Thursday, August 15, 2013

The Difference


            Toby cut the red construction paper as carefully as his little fingers would allow. He didn’t like the safety scissors they made he and the other kids use in school. At home he could use real scissors as long as mom or dad was watching. He would just have to make due in this classroom.

             “Make sure you’re cutting along the outline we traced earlier,” said the teacher, Ms. Carter.

“It would be a lot frigging easier if we had real scissors,” mumbled Toby.

            “What was that Toby,” asked Ms. Carter.

            “Nothing,” said Toby.

             Toby cut along the black outline in the shape of a heart. He would have preferred to cut out something of his own design but Ms. Carter was trying to get all the children to follow directions. Toby guessed that following directions was an important part of learning a useful life skill. He stuck his tongue out the corner of his mouth as he made the difficult final cut of his paper heart. The scraps of the construction paper fell to his school desk and he held up the finished heart.

             “Good job Toby. See children, how Toby followed the lines. Now he can come up to the front art desk and pick out what kind of lace he’d like around his heart,” said Ms. Carter.

             Toby looked up at Ms. Carter.

 “Do I have to put lace around it,” he asked Ms. Carter.
 
            Ms. Carter smoothed the front of her skirt as she moved around to the front of her large desk.

            “Of course you need to put lace around the heart. Don’t you want it to be pretty?”
 
            Toby looked at his simple paper heart.

             “I think it looks pretty the way it is,” said Toby.

            “Don’t you think it can look even prettier with some nice lace around it,” asked Ms.

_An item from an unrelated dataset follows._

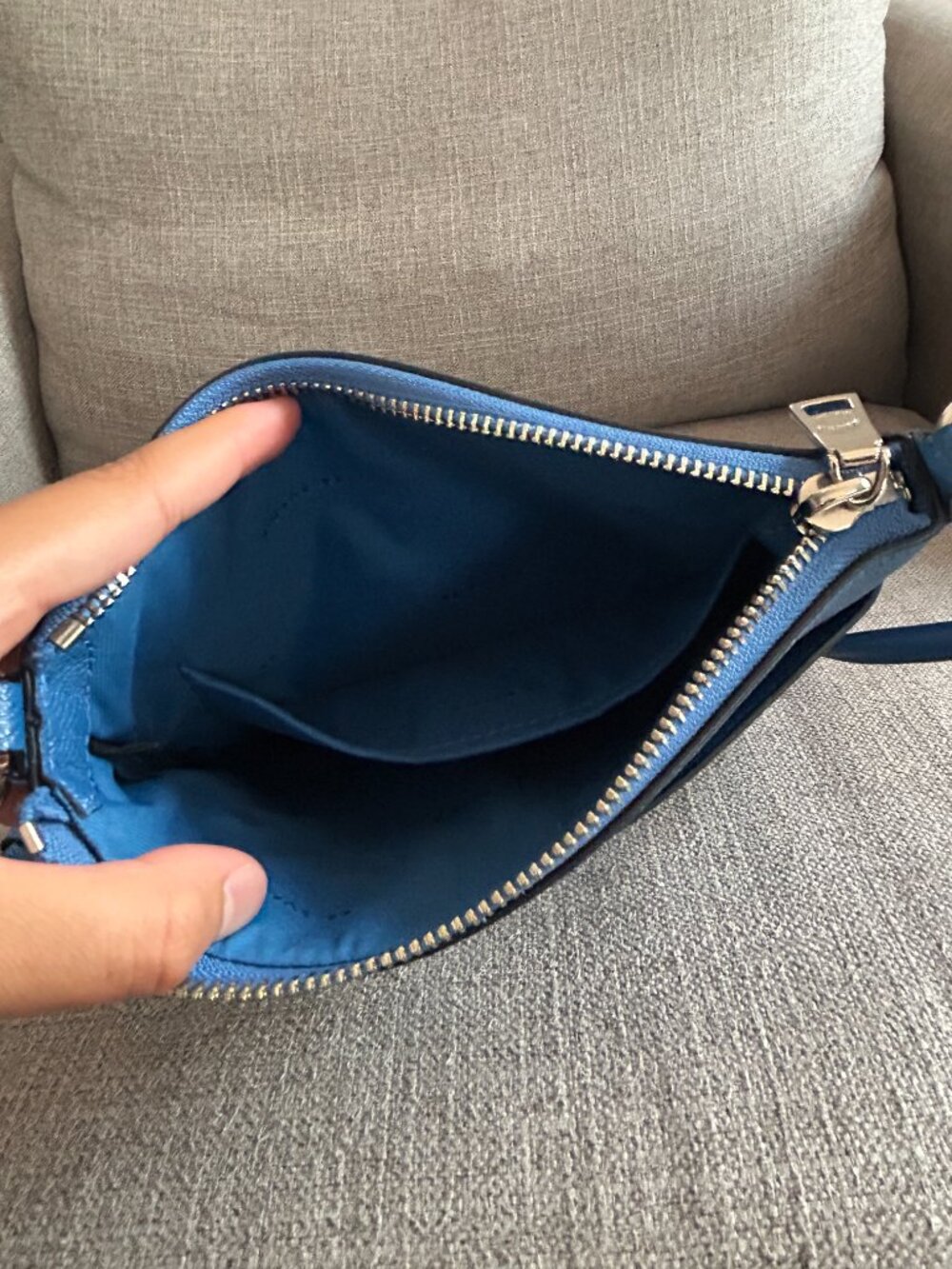 Coach Kitt Messenger Crossbody Bag Blue Crossgrain Leather Exterior Pocket Chic - Picture 7 of 13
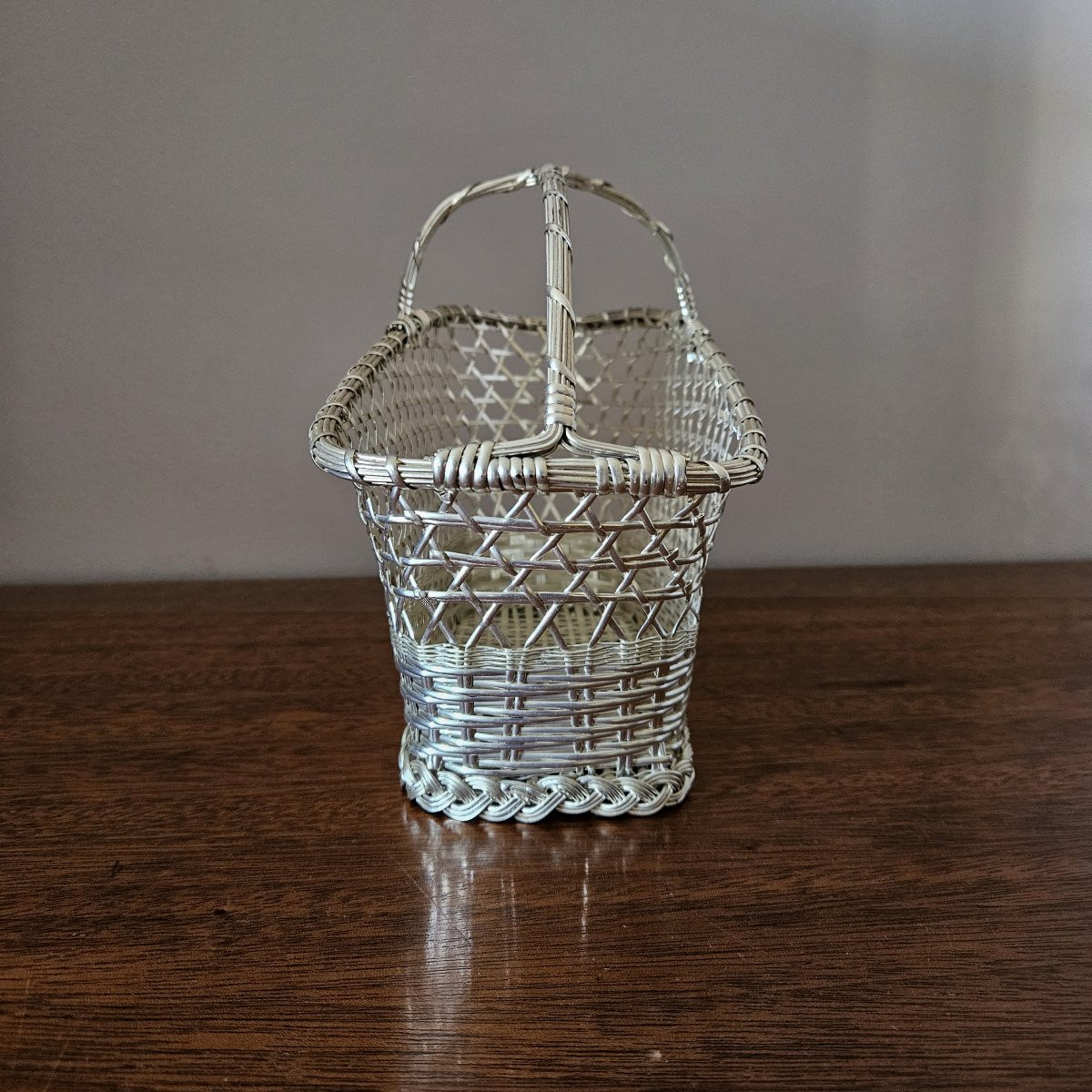 Christofle Bottle Holder Basket In Woven And Openwork Silver Metal-photo-1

Carter.

            “No,” said Toby.

             Ms. Carter cringed a bit. Toby saw that she had a sort of smile that wasn’t really a smile on her face. The kind of face her mother made when dad was in the bathroom for too long.

             “Come up here and get your lace Toby,” said Ms. Carter.

            “I’m pretty sure I like my heart the way it is,” said Toby.

            “Get up here and get your lace Toby. I’m not going to tell you again,” said Ms. Carter.

             The other children looked away from their glitter, glue, lace and own paper hearts. Toby sighed and got up from his little desk and went to the art table to pick out some lace for his heart. He felt a little sting behind his eyes but he didn’t want to cry. He wanted his heart to be different but was told it had to be like everyone else’s. He didn’t quite know why but he just didn’t want it to be the same.